Social Contract adherence will require companies to go well beyond the legal language in their terms and conditions and regard robust security as a prerequisite in all design decisions.
It will mean them taking full account of how people are likely to use their technology, not how they’d like them to use it. While the contract also places a duty of care on users to protect themselves by behaving responsibly, technology designers will always carry the major burden as we are the experts.
It will require a swift departure from the mindset in which companies ship products with device passwords as simple as 12345 or PASSWORD and consider that acceptable.

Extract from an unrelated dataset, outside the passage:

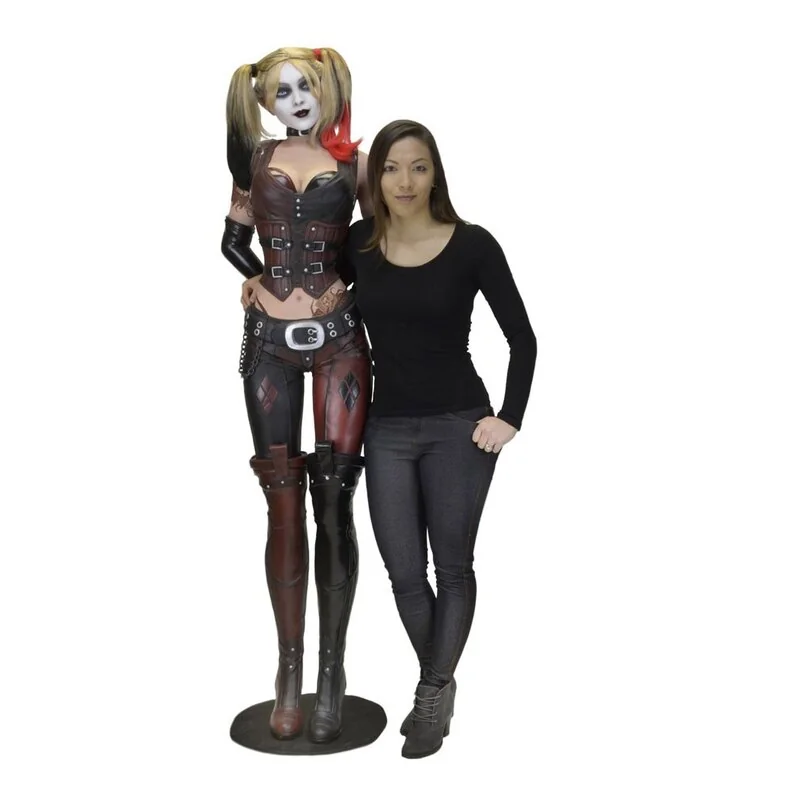 Batman Arkham City Life-Size Statue Harley Quinn (Schaumgummi/Latex) 180 cm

The subject of IoT security is fundamental to the Internet of Thing’s development. The Economist survey on commercial IoT adoption co-sponsored by us and IBM last year showed investment was continuing and many sectors were already in early scale deployment. But despite progress the IoT is still immature and trust is being built. If, as technology industry companies, we consider ourselves architects of the connected device world, then we must also consider ourselves as architects of trust.
This means treating the currency of the IoT – data, connectivity and control – as carefully as a national bank treats its currency. This is the focus of the Security Manifesto we have published at Arm TechCon in Santa Clara.

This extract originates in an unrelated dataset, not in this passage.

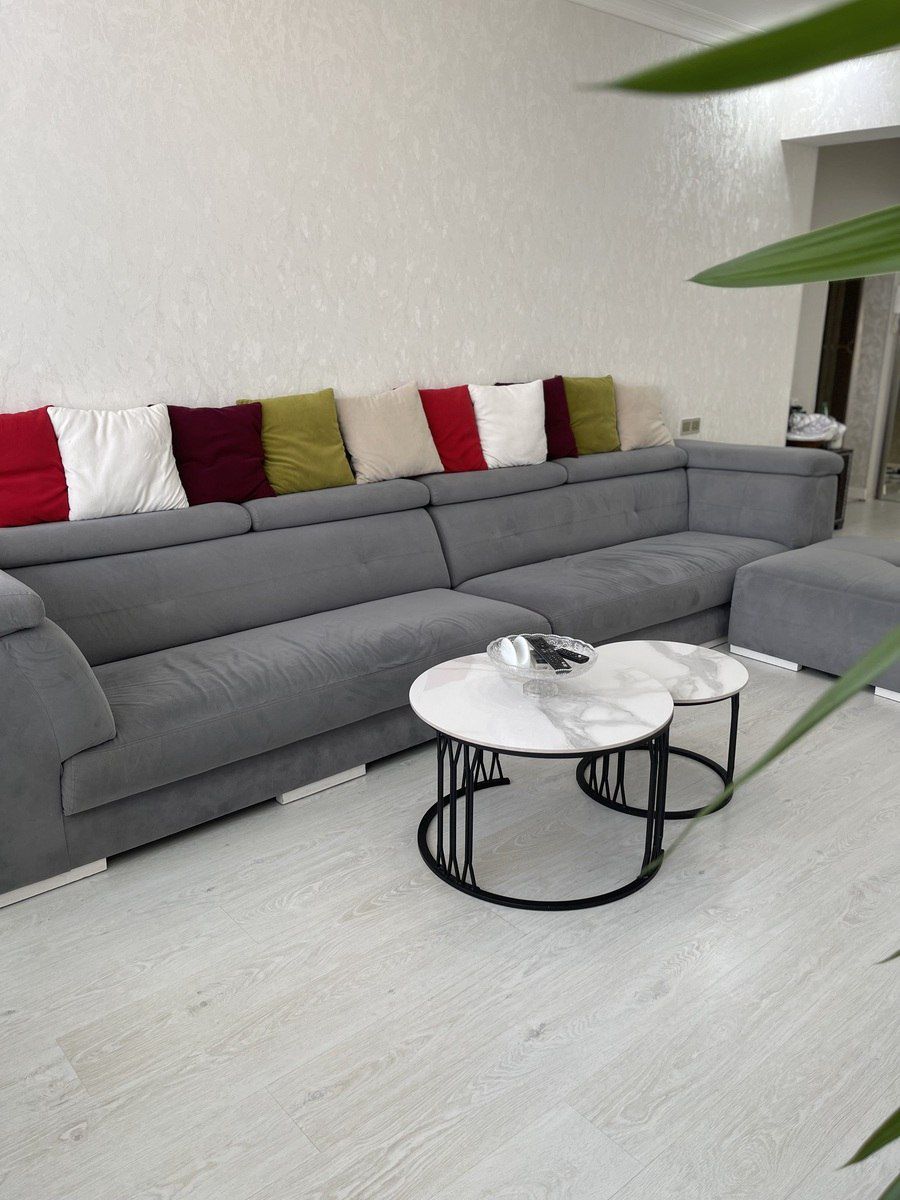 İcarəyə verilir 3 otaqlı yeni tikili 120 m² — Mənzil, Bakı (10)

We discuss how the technology industry can meet its Social Contract obligations and protect products over their design lifetime. The Manifesto authors assess the evolving threat and describe some of the advanced security features and directions Arm and others are considering.
We examine new silicon chip architectural paths that compartmentalise the central brain, the CPU, making it harder for an attack to spread. Also, we explore how the industry can use artificial intelligence running on devices rather than in the cloud to look for irregularities and learn the unique patterns of device users to improve security and authentication.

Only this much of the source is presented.